Receive a message from client

In relation to the snippet above, when get pool request is sent, pool name is returned

val in = Iteratee.foreach[String] { msg => if (msg == "GET POOL") channel.push("POOL:" + snakePool.path.name); }
	
Send message from server

WebSocketChannel keeps a reference to web socket and sends information when Send message is triggered

class WebSocketChannel(channel: Concurrent.Channel[String]) extends Actor {
	def receive = {
	  case Send(data) => channel.push(data)
	}
}
	
Receive a message from server

When information from server is received onMessage is triggered. In the example application onMessage changes background colour of related cells accordingly.

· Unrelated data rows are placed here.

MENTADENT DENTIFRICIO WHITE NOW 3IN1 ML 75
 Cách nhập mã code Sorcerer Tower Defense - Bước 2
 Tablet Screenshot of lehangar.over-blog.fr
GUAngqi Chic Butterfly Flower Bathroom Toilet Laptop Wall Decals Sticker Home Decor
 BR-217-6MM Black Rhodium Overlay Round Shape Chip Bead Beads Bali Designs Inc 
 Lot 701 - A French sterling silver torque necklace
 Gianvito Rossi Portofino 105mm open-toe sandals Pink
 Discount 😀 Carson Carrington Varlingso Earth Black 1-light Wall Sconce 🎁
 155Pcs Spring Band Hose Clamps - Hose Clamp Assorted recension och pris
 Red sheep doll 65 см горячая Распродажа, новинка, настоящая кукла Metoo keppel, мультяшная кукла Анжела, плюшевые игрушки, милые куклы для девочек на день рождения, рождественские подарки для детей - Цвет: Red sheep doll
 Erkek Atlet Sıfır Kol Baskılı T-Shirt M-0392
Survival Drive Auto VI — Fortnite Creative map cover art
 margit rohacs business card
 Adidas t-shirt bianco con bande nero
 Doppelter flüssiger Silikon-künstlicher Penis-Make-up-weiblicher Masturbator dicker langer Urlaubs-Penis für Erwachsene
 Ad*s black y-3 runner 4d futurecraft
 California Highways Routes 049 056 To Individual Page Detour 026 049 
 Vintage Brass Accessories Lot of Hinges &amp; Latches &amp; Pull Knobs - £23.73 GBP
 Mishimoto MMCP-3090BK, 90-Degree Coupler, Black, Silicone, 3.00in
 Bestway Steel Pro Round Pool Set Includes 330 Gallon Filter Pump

function onMessage(evt, snake_name) {
	 if (evt.data.lastIndexOf("POOL:", 0) === 0) { snake_pool = evt.data.replace("POOL:","");}
	 else if (evt.data.lastIndexOf("APPLE:", 0) === 0) { apple(evt.data.replace("APPLE:",""));}
	 else if (evt.data == "Game Over") { 
		 writeToScreen("GAME OVER");
		 disableSnakesButton();
	 }
	 else if (evt.data > 0) on(evt.data);
	 else off(Math.abs(evt.data));
 }
	

Testing Actors

Tests can only verify externally observable effects. The example bellow show how the asynchronous messages are verified using remove-controlled actor TestProbe.

class SnakeTest extends TestKit(ActorSystem("SnakeTest"))
  with FunSpec {


  describe("Snake Actor Test") {
	it("given new snake when started starts to the right, from thee first cell on the first line") {
	  val apple = TestProbe()
	  val channel = TestProbe()
	  val snakeName = "testSnake1"
	  val snake = system.actorOf(Snake.props(apple.ref, snakeName, channel.ref), snakeName)
	  //when
	  snake ! Start
	  //then
	  apple.expectMsg(Eat(1))
	  apple.expectMsg(Eat(2))
	}
	...
}
	
Using multiple test probes, you can verify conversation content and order of multiple actors. The second example uses mockito mock object and test probe. It shows you how you can inject mocked behaviour in an actor. In order to control what numbers are random in the test, random instance is passed to Apple actor. In a test environment instead of real instance it can be mocked.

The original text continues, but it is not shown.